Number 148 "I'm On To You" by  Hurricane
Peak: number 148
Peak date: 5 June 1989
Weeks in top 150: 1 week

Perhaps one factor leading to heavy metal's decline in the early 1990s was that the market was fairly saturated with similar acts by this point.  Enter Hurricane into the fray, with their first Australian chart 'hit', with a song that failed to register on any other chart (real chart, I mean) as far as I can tell, including the Billboard Hot 100 in the group's homeland.  Parent album, Over the Edge, fared slightly better on the Billboard 200, reaching number 92.  It's not something I would normally listen to, but I have to admit that the "na na na na na na" hook is catchy.  Hurricane will visit us again in 1991.

Number 149 "No Matter What" by Swingshift
Peak: number 126
Peak dates: 26 June 1989 and 24 July 1989
Weeks in top 150: 11 weeks

Swingshift were an Australian band, and this single - their only release listed on discogs.com - appears to have been issued on a small independent record label, Top Shelf Recordings.  Only one other title, from another band, is currently listed on the Top Shelf Recordings record label page on the site.

Despite being issued on an independent label, "No Matter What" was promoted though a TV advertising campaign, as evident on the embedded video below.

Unfortunately, nobody has uploaded the music video for the song, or the full audio for the track, so the snippet in the ad below is all you can hear of the song.  I have no recollection of hearing "No Matter What" before.
Swingshift started out as a Cold Chisel covers band, and Dave Leslie from the group went on to later join the group Baby Animals.
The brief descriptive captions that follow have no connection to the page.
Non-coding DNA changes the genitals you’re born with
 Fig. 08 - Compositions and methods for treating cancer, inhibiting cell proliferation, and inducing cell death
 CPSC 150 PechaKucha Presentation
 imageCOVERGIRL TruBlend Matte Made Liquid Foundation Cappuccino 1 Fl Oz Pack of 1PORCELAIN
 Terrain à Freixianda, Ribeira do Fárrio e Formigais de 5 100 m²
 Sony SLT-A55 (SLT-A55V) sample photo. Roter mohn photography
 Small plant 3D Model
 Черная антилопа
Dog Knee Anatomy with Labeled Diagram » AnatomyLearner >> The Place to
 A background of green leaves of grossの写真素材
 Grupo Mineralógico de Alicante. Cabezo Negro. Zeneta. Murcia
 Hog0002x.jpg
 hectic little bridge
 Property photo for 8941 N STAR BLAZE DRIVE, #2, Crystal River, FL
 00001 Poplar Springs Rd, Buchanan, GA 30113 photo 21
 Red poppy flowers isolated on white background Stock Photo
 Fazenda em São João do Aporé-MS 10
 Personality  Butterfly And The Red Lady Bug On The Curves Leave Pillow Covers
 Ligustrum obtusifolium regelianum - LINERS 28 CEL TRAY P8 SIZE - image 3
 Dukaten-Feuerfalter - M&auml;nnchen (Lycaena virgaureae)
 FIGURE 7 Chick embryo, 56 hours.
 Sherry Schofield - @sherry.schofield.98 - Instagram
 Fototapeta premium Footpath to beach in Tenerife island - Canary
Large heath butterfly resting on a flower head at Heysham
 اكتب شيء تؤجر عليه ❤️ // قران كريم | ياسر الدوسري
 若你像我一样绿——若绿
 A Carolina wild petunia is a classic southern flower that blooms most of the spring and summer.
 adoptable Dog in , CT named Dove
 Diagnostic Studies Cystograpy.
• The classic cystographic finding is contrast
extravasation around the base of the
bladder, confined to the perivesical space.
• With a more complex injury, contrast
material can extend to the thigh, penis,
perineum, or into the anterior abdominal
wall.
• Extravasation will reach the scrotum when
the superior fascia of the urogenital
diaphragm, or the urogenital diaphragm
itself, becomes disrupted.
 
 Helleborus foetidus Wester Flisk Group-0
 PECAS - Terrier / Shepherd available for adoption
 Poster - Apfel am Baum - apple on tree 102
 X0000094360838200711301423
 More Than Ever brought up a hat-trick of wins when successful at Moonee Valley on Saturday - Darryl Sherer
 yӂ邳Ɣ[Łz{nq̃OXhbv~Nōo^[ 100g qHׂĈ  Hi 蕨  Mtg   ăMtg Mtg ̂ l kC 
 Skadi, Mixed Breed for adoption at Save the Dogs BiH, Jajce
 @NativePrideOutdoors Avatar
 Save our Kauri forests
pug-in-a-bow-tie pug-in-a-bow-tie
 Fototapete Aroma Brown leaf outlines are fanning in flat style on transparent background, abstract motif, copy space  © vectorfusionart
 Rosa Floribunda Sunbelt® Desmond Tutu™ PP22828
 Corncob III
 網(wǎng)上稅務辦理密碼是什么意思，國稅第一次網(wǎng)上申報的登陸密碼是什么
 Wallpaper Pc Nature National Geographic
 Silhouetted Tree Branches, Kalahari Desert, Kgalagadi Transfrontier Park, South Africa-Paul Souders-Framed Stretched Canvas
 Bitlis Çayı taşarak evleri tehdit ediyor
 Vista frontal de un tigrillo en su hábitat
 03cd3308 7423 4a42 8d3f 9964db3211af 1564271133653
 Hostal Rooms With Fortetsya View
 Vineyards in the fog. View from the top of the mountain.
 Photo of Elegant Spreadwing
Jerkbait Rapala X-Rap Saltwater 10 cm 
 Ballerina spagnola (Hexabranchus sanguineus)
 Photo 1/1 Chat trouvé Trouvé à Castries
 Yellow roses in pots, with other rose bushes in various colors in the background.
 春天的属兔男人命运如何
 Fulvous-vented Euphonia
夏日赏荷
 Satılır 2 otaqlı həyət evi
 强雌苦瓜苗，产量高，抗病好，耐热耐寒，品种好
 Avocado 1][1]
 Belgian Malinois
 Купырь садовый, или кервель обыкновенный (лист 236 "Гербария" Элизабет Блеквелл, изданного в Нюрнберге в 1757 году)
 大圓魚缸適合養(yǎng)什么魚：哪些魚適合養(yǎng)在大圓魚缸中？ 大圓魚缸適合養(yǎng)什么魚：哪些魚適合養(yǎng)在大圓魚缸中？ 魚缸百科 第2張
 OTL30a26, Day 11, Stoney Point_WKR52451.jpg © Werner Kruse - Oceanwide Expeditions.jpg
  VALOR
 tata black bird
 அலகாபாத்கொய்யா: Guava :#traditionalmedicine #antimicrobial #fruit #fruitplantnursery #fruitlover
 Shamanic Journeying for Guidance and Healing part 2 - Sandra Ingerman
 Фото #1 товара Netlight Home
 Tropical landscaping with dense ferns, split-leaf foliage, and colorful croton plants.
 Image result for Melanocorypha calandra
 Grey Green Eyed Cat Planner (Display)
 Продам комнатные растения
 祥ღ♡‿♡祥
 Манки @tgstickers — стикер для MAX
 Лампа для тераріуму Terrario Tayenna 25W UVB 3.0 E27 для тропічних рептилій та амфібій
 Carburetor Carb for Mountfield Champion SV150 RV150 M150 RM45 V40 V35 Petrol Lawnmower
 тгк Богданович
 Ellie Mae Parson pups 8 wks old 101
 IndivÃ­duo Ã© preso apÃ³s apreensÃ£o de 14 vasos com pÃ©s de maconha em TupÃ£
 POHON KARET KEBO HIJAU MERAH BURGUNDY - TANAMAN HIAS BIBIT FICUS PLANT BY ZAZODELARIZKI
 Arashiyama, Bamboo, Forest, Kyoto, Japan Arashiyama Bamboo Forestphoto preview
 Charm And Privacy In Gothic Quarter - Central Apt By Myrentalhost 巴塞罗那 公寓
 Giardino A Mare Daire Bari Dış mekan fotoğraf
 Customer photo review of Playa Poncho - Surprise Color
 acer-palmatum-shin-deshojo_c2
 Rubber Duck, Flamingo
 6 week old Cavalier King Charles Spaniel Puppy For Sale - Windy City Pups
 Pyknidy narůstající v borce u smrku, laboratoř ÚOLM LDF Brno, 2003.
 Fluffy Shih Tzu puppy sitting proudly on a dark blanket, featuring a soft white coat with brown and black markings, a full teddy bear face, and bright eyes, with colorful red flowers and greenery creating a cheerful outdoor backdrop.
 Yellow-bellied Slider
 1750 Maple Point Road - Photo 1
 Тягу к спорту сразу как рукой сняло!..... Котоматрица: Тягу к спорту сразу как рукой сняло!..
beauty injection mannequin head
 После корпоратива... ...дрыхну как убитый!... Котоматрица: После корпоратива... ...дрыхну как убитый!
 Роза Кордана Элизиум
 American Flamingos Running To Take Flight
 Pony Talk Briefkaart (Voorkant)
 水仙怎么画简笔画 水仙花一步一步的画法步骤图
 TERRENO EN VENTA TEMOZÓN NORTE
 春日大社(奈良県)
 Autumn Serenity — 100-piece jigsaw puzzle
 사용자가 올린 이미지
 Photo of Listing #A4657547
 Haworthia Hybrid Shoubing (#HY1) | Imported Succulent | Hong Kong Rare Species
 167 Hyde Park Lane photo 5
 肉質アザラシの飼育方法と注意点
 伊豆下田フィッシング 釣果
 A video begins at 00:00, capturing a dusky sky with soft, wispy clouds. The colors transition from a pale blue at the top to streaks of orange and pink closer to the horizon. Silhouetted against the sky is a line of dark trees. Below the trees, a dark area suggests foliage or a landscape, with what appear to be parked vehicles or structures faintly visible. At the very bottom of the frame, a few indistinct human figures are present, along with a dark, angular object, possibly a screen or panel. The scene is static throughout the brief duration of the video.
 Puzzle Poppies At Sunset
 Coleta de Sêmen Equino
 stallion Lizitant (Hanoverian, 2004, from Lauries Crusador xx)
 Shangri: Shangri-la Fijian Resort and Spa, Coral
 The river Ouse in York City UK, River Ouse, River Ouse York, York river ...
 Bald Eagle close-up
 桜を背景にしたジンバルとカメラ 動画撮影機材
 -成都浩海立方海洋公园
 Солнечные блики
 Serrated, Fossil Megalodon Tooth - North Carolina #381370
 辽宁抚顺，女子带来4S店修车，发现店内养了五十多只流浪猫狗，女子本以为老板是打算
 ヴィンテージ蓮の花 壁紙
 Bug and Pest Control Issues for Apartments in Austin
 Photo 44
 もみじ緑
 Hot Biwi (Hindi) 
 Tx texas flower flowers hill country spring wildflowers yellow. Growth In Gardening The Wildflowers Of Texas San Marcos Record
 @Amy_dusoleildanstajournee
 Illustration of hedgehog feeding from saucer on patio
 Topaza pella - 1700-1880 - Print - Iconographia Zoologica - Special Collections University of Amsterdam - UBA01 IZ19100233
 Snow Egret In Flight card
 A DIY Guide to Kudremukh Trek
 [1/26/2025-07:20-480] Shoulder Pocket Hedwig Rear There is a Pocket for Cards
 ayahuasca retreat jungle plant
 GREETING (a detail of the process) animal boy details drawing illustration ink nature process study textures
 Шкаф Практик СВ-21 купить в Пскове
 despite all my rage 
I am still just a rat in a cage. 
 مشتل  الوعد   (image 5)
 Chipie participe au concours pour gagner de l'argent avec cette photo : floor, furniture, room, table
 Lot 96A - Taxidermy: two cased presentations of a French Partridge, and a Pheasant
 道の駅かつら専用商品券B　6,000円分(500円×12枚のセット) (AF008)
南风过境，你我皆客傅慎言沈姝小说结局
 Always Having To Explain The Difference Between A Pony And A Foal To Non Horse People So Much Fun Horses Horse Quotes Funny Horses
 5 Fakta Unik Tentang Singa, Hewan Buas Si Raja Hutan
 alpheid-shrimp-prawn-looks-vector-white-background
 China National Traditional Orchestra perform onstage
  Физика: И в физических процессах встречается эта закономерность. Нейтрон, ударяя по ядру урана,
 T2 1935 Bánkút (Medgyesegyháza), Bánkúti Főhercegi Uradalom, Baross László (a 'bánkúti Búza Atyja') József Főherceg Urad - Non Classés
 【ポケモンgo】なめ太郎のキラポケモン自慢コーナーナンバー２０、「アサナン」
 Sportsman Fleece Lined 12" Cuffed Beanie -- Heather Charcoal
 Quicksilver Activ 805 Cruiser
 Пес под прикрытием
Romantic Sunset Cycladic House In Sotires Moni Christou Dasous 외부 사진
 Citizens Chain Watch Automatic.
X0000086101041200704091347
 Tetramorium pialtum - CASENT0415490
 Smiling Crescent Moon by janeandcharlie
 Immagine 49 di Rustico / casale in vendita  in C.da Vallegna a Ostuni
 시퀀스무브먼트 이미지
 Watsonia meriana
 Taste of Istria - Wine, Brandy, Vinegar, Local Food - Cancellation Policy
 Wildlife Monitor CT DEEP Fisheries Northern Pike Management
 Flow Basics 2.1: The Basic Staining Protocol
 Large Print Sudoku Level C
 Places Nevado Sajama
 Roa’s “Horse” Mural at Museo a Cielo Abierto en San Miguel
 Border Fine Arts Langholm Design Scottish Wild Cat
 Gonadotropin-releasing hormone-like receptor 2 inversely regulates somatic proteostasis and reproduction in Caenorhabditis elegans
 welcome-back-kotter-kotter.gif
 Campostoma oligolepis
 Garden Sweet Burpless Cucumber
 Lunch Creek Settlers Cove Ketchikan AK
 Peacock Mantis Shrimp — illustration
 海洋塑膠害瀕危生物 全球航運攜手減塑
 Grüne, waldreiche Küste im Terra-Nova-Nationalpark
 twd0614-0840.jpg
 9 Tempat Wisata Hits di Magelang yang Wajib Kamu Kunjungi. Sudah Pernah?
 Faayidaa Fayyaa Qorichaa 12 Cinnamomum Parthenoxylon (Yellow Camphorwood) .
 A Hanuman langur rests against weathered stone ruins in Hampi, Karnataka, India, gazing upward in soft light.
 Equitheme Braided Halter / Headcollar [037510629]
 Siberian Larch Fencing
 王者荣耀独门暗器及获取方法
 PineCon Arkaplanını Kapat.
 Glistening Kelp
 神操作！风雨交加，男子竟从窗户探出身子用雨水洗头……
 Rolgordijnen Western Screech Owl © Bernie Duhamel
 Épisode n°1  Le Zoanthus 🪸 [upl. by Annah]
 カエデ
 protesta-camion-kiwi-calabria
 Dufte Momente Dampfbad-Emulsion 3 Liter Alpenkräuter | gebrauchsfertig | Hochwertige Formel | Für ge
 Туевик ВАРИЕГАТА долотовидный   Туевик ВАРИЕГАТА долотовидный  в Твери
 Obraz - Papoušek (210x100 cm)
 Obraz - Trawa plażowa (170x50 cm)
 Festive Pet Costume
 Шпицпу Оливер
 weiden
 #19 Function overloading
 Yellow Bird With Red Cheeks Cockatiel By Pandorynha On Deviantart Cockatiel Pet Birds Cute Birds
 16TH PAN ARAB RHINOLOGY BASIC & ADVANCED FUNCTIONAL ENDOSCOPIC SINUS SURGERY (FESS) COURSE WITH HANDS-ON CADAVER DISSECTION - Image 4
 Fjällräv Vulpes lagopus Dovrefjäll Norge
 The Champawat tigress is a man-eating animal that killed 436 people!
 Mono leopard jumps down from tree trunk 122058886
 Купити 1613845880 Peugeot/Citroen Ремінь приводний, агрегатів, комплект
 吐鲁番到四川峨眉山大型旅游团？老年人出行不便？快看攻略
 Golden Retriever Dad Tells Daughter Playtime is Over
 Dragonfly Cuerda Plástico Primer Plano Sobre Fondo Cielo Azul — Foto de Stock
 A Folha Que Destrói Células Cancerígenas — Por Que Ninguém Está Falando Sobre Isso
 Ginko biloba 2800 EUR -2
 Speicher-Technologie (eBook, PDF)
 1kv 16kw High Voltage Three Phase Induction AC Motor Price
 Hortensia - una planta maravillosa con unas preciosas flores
Number 150 "Everything That Comes Around" by Mick Jones
Peak: number 150
Peak date: 5 June 1989
Weeks in top 150: 1 week

Mick is (not was!) the guitarist in Foreigner, and remains the band's only remaining founding member.  Oddly, this track didn't chart (at least, not within the top 100) in his native UK, or anywhere else, for that matter, as far as I am aware.  To date, this song's parent album, the imaginatively-titled Mick Jones, remains his only solo release.

Bubbling WAY down under:
Number 158 "Romance (Love Theme From Sing)" by Paul Carrack & Terri Nunn
Peak: number 158
Peak date: 5 June 1989
Weeks on chart: 1 week

Another track that didn't chart anywhere else on a 'real' chart (no, the Billboard Adult Contemporary chart does not count in this instance!) is this 'love theme' (doncha love how 80s that expression is?) duet between Paul Carrack and Terri Nunn.  Paul had been somewhat of a chameleon on the Australian charts, with his first taste of chart success coming as lead vocalist of Ace with 1975's "How Long" (number 63), a song that went on to be covered by many artists.  Paul then went on to have four of his own solo hits during the 1980s, with 1987's "When You Walk in the Room" reaching number seven.  More-recently, Paul had just scored a number one single in Australia singing lead on Mike + The Mechanics' "The Living Years".  Phew!  Terri Nunn was the lead singer in synth-pop band Berlin, who had scored four top 40 hits in Australia between 1984 and 1987, with Top Gun soundtrack hit "Take My Breath Away" easily being the biggest of those, peaking at number two.  We will see Paul bubble under again a couple of times over the next year, but this would be Terri's only solo Australian chart 'hit' as far as I am aware.